Predicting the Next Regulatory Challenge for Financial Institutions

Wow - we've been part of quite a bit of quick decision-making recently. Financial institutions going out of business almost overnight, trillions of dollars being offered from the U.S. government in the blink of an eye, and the largest in the industry merging with and/or acquiring peer institutions within weeks. I can understand that possibly the U.S. economy and financial markets have been headed in this direction, or at least signs were pointing in this direction. However some of the now commonplace decisions and commitments made in the last two quarters have been comparable to, say, a special effects summer blockbuster movie.

When you think about just the decision-making process, though, you inevitably have to look at the timing of those decisions. Think about for a moment how one might respond to real physical danger. I'm talking about a situation where your actual life might be in jeopardy. During such a time period, every single move and thought becomes vital. Each decision can have a definitive impact on surviving. Wouldn't it be nice, though, during such an event, to be able to sit back for awhile, survey the area, perhaps do some research and inquire with a few experts how you might have the best chance to escape unharmed? Unfortunately, such activities are only possible when one is relaxed in their environment.

Put this in terms of regulatory issues that face financial institutions. There is absolutely no doubt that technology available and being utilized by financial institutions is becoming more and more varied and novel. The gap between financial institutions that are not technology-centric at all, compared to the most tech-centric institutions, is enormous. How do the regulatory agencies dictate rules and directions to not only cover all types of institutions utilizing technology on a considerable varying degree - AND account for the ever-expanding technology options?

So we can see a few key changes happening very quickly in the banking industry:

Technology is advancing very rapidly;
The number of institutions utilizing cutting-edge technologies is expanding;
The number of people utilizing online and mobile (person-not-present) banking is expanding.

I believe the banking industry and regulators are already in "bailout mode." This is where, as stated above, one is forced to make quick/reactive decisions to ensure survival. And while I don't think there is a feeling that "banking is broken," customer trust is absolutely paramount right now. And I think that trust is being focused more and more on automated, technology-based activities. Such as making sure that when someone is accessing their online bank account, that no one is stealing their password or something else dubious.

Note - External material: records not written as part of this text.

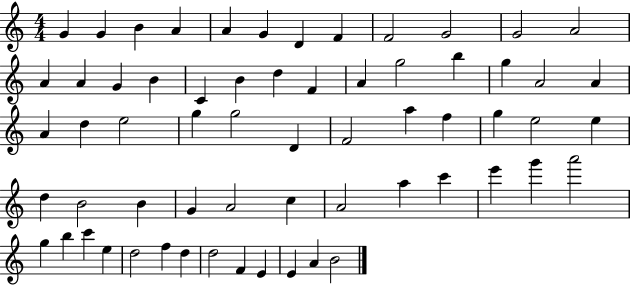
{
  \clef treble
  \numericTimeSignature
  \time 4/4
  \key c \major
  g'4 g'4 b'4 a'4 | a'4 g'4 d'4 f'4 | f'2 g'2 | g'2 a'2 | \break a'4 a'4 g'4 b'4 | c'4 b'4 d''4 f'4 | a'4 g''2 b''4 | g''4 a'2 a'4 | \break a'4 d''4 e''2 | g''4 g''2 d'4 | f'2 a''4 f''4 | g''4 e''2 e''4 | \break d''4 b'2 b'4 | g'4 a'2 c''4 | a'2 a''4 c'''4 | e'''4 g'''4 a'''2 | \break g''4 b''4 c'''4 e''4 | d''2 f''4 d''4 | d''2 f'4 e'4 | e'4 a'4 b'2 | \break \bar "|."
}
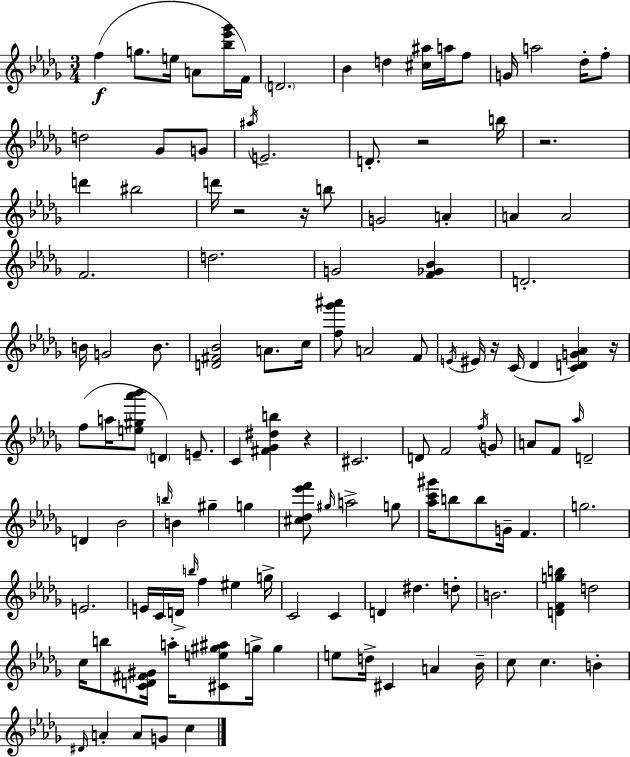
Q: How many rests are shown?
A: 7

This is a bit different than 25 years ago, when the trust was more about the face of the person you were handing physical cash to. Nowadays people may never go to their branch or see one person associated with their bank, however they know the bank's website like the back of their hand. And so it should become clear that, moving forward, trust will be about ensuring the customer's investments, data, and identity are protected - when they are not physically present.

And again, I feel like regulatory agencies are playing catch-up at this point. The authentication guidance was good, and definitely seems like a minimum standard two years later, but it's not enough. I don't think the banking industry is where the automotive industry is quite yet, but is headed in that direction. In the automotive industry it seems absolutely clear that people, consumers, do not want gasoline and do not want to be dependent on anyone for fuel. The U.S. automotive industry (I would argue worldwide), has significant changes to make in the coming years. I'm saying fundamental changes, as in every single car developed that runs on gasoline would hopefully become obsolete in somewhat of a short time. Just to throw the term in one more time...the automotive industry is versioning into "2.0".

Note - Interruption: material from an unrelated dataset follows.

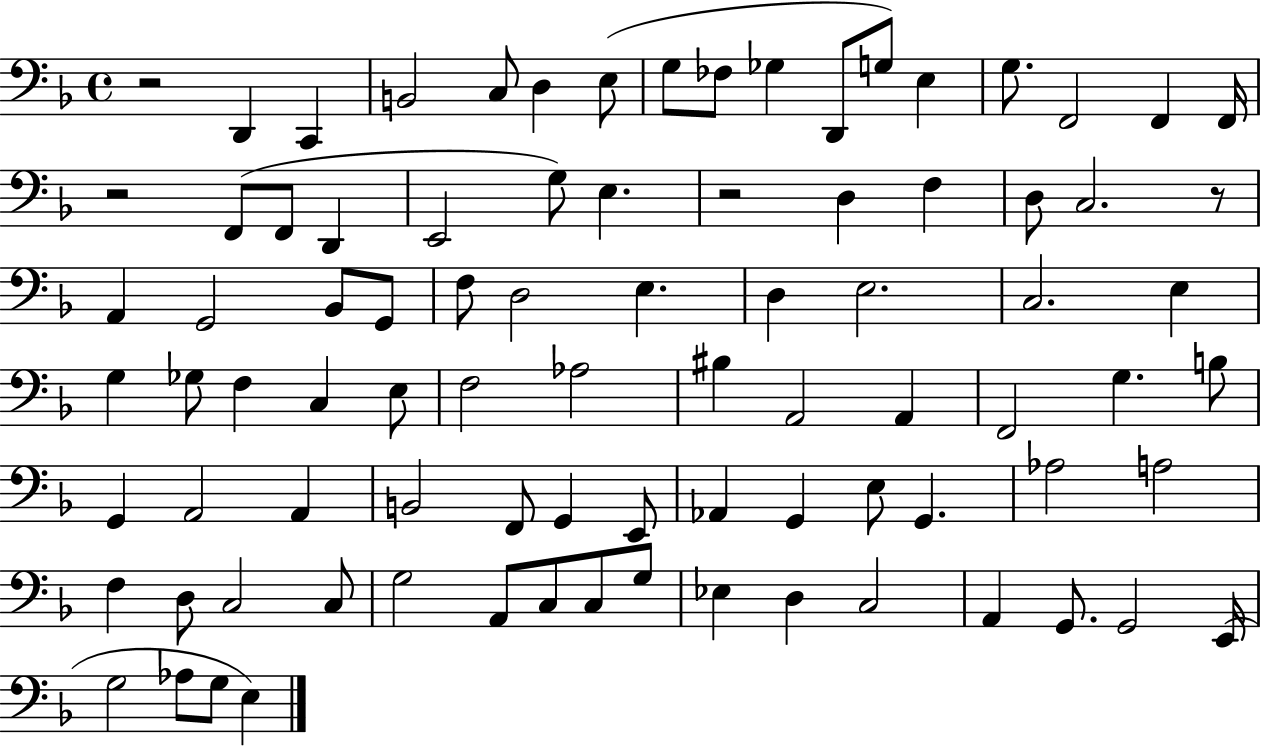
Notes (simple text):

R/h D2/q C2/q B2/h C3/e D3/q E3/e G3/e FES3/e Gb3/q D2/e G3/e E3/q G3/e. F2/h F2/q F2/s R/h F2/e F2/e D2/q E2/h G3/e E3/q. R/h D3/q F3/q D3/e C3/h. R/e A2/q G2/h Bb2/e G2/e F3/e D3/h E3/q. D3/q E3/h. C3/h. E3/q G3/q Gb3/e F3/q C3/q E3/e F3/h Ab3/h BIS3/q A2/h A2/q F2/h G3/q. B3/e G2/q A2/h A2/q B2/h F2/e G2/q E2/e Ab2/q G2/q E3/e G2/q. Ab3/h A3/h F3/q D3/e C3/h C3/e G3/h A2/e C3/e C3/e G3/e Eb3/q D3/q C3/h A2/q G2/e. G2/h E2/s G3/h Ab3/e G3/e E3/q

Will the same thing happen in the banking industry? Is the same thing already happening? Are the regulatory agencies merely responding at this point, as opposed to predicting and guiding? Do you foresee them responding more and more quickly in the short term?

I think so. I think we are already a ways down that path. Much of "banking" is no longer about handing physical cash or a check to a teller and saying high to the branch manager on the way out. Banking is now about gaining access to and utilizing your finances whenever, wherever you want - with confidence that said access would be as secure as if dealing with a real person face-to-face.

I haven't talked with anyone that says more regulatory oversight is not needed in the banking industry. In fact a majority of our audience agrees, according to a recent banking confidence survey we administered. And so to predict the next regulatory challenge is like saying that financial institutions need to be prepared to act quickly and adjust. I think we will see new guidelines being issued for some time, again in response to things that are already happening. This might mean more regulations related to online or non-present banking. Mobile banking and in general wireless data transmission seems like a technology target for criminals. And ensuring someone's identity seems paramount. I cannot foresee any of these things, though, acting as a silver bullet to combat overall fraud and ultimately a loss of money for individuals or institutions.

Instead, I think we see attacks getting worse. The size, scope, severity, and impact of technology-based fraud will continue to grow. Ultimately I think at some point banking may in fact become "broken," where that fundamental consumer trust is gone.

So for now, the next regulatory issue facing financial institutions will be one where the institution is forced to change their current program and adapt very quickly. This might mean one issue for one institution and a different issue for another. I believe it's inevitable, though, that we will see in the next 3-10 years a change so fundamental to banking that we will be looking back to the 1900's and laughing about the "old days."